La rivolta di Trieste è la definizione data ai moti triestini del novembre 1953, che vennero duramente repressi dalla Polizia civile alle dipendenze del Governo militare alleato (GMA), la forza di amministrazione militare alleata angloamericana al cui capo sedeva il generale britannico Thomas Willoughby Winterton.

novembre 1953 a Trieste

I RAGAZZI DEL ’53 Cinquant’anni fa Trieste visse un autunno intriso di speranza ma colorato di sangue. Si era agli ultimi momenti del governo militare alleato, il ritorno dell’Italia a Trieste sembrava cosa fatta, ma fra il 4 e il 6 novembre del 1953, la piazza si animò e, da una situazione di dissidio che, probabilmente, poteva essere controllata, si giunse allo scontro.

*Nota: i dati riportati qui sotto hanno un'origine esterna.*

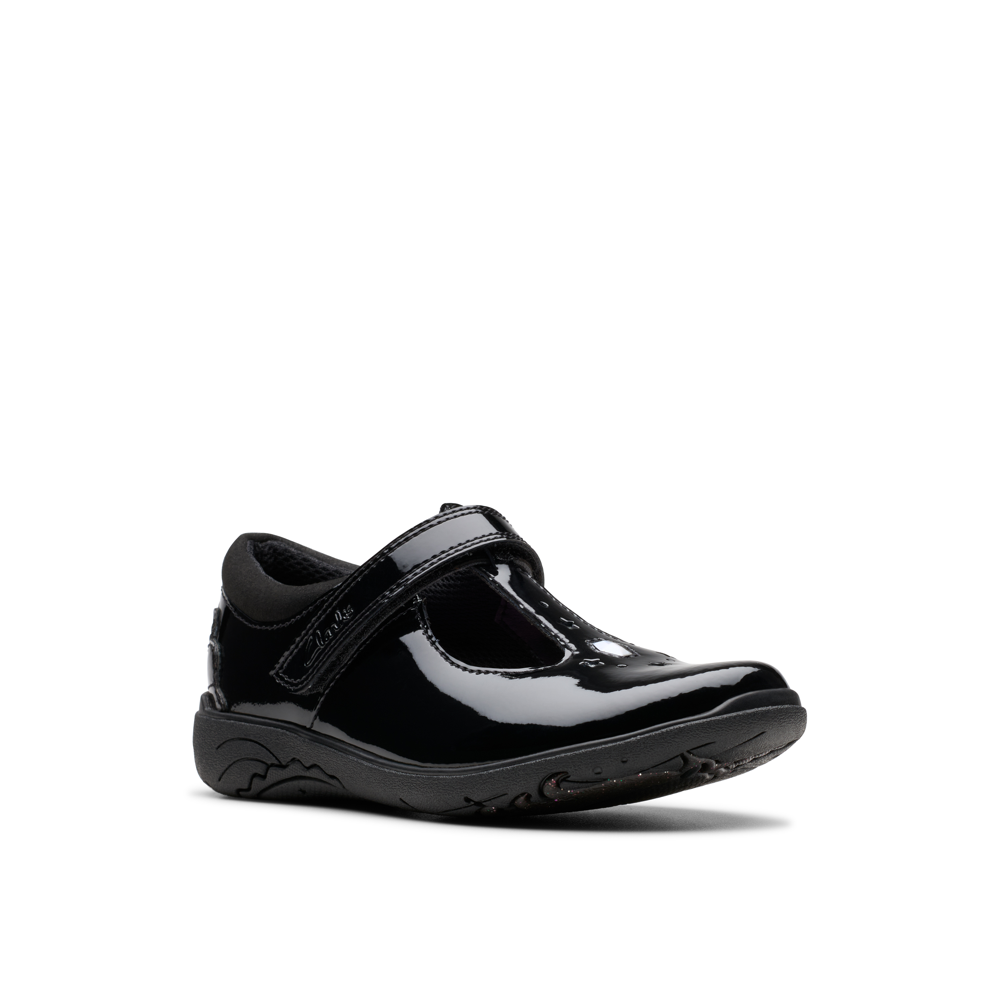 Clarks - Relda Gem K - Black Leather - School Shoes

Sei triestini: Addobbati, Paglia, Montano, Zavadil, Manzi e Bassa, persero la vita. Numerosi furono i feriti. Qualcuno venne arrestato. Altri, per evitare che ciò accadesse, furono allontanati dalla città proprio grazie al pronto intervento della Lega Nazionale. Si era al culmine di un decennio tremendo e tremendo fu quel novembre di cinquant’anni fa. In occasione del Cinquantenario del ritorno di Trieste all’Italia il Presidente della Repubblica ha insignito della Medaglia d’Oro al Valore Civile i 6 triestini che hanno dato la vita per la patria in quei giorni del ’53.

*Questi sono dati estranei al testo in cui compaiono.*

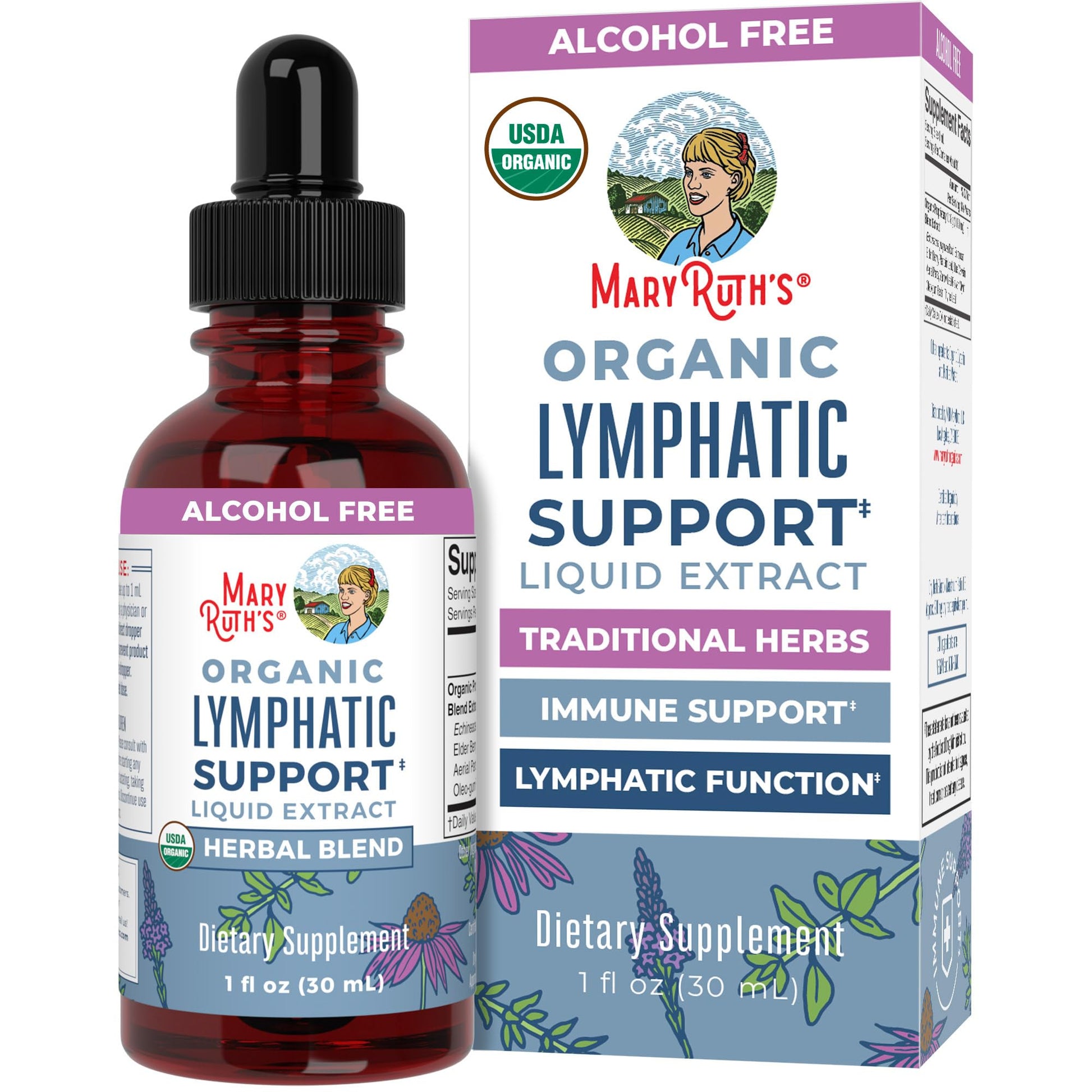 Lymphatic Support Drops by MaryRuth's | USDA Organic Lymphatic Cleanse Immune Support Supplement| Lymphatic Support with Echinacea & Elderberry | Blue Vervain | Vegan | Non-GMO | 30 Servings MARYRUTH'S uk supplements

Contesto storico – Con la fine della II guerra mondiale l’Italia perse una regione del proprio territorio nazionale: la Venezia Giulia. Nel capoluogo Trieste, e nel territorio immediatamente circostante, fu stabilito nel 1947 dal Trattato di pace che dovesse sorgere il TLT, Territorio Libero di Trieste: uno stato indipendente sotto l’egida dell’ONU, che ne avrebbe nominato il Governatore. Tuttavia, nonostante ne fosse stato redatto e ratificato lo Statuto, a causa dei veti incrociati tra gli ex Alleati non si riuscì a trovare un accordo su quale Governatore nominare, così il Territorio rimase diviso in due zone: la Zona A, governata dal Governo Militare Alleato, e la Zona B, sotto amministrazione militare jugoslava. Per nove anni le diplomazie italiane e jugoslave lavorarono per ottenere l’intero Territorio, creando così una situazione di stallo.

Trieste novembre 1953

Filmati d’epoca degli scontri avvenuti nel novembre del 1953 a Trieste tra manifestanti e le truppe della BETFOR.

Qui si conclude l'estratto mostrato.